■ DATA EXTRACTS:
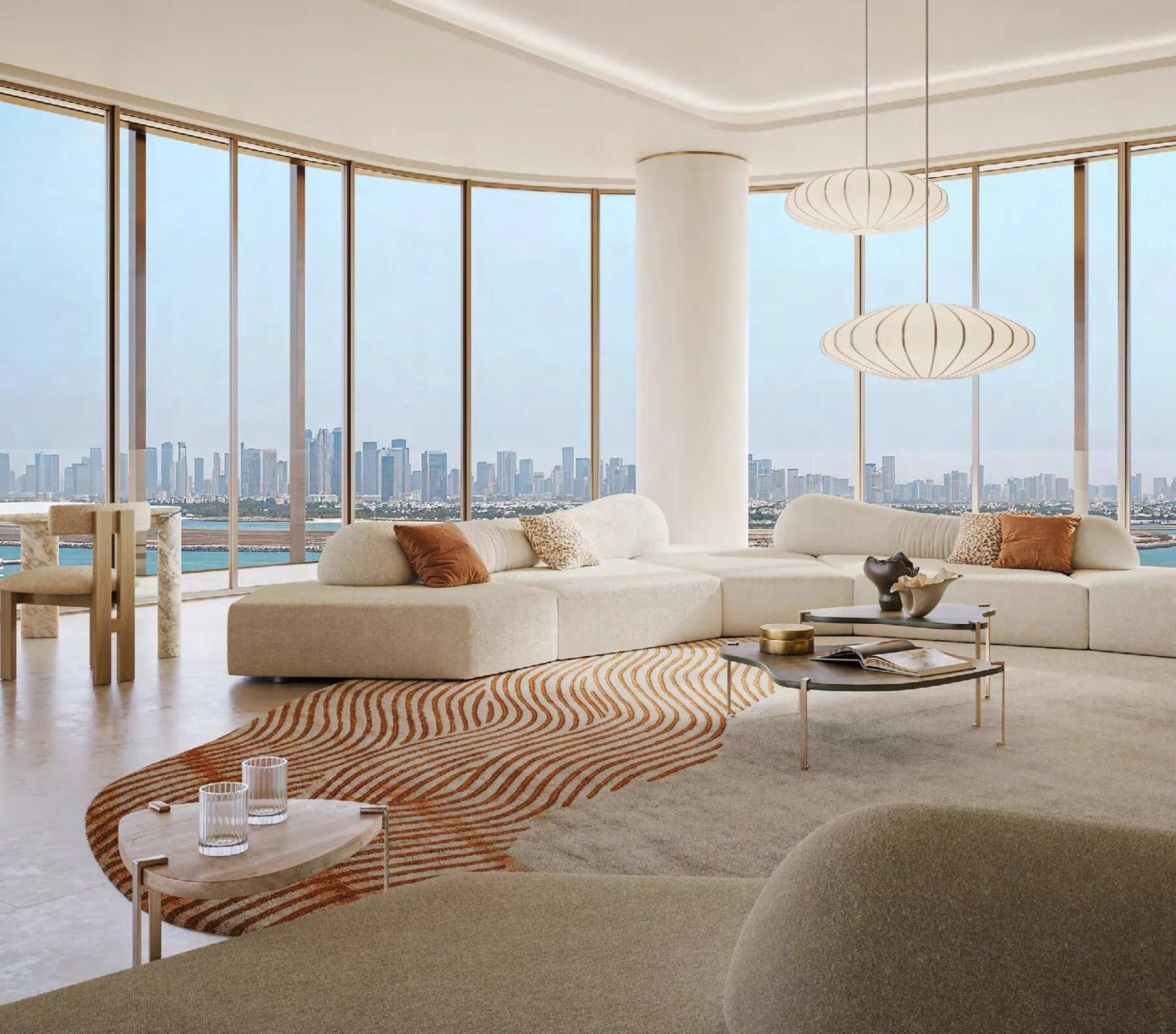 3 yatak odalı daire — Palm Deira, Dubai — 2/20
...
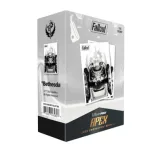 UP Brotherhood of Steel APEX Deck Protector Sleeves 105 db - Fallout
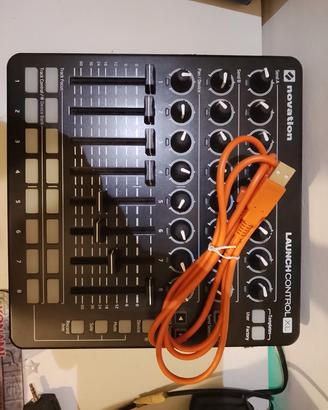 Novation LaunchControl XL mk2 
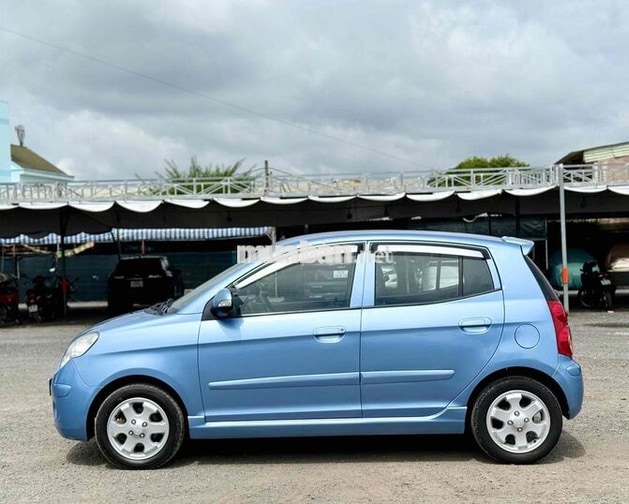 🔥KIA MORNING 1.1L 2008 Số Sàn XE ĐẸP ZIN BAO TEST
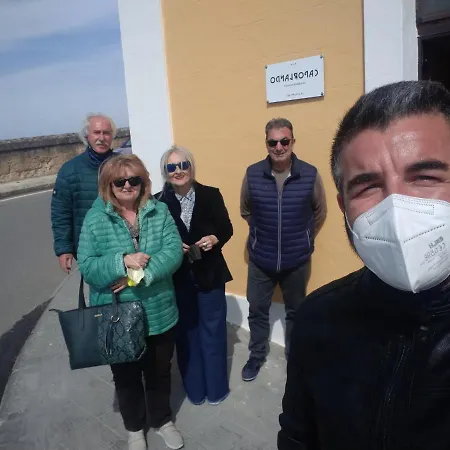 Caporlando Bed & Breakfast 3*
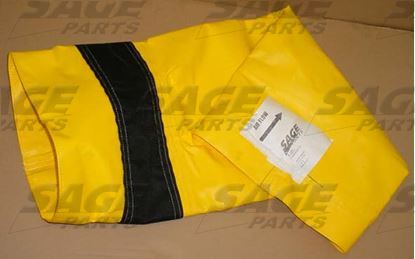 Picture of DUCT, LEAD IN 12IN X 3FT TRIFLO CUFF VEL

■ EXERCISE INSTRUCTIONS: Beginning with the line that contains "UP Brotherhood of", write out the lines of the material above exactly, and end with the line that contains "Picture of DUCT, LEAD". Omit the pictures.

■ RESPONSE AREA:
 UP Brotherhood of Steel APEX Deck Protector Sleeves 105 db - Fallout
 Novation LaunchControl XL mk2 
 🔥KIA MORNING 1.1L 2008 Số Sàn XE ĐẸP ZIN BAO TEST
 Caporlando Bed & Breakfast 3*
 Picture of DUCT, LEAD IN 12IN X 3FT TRIFLO CUFF VEL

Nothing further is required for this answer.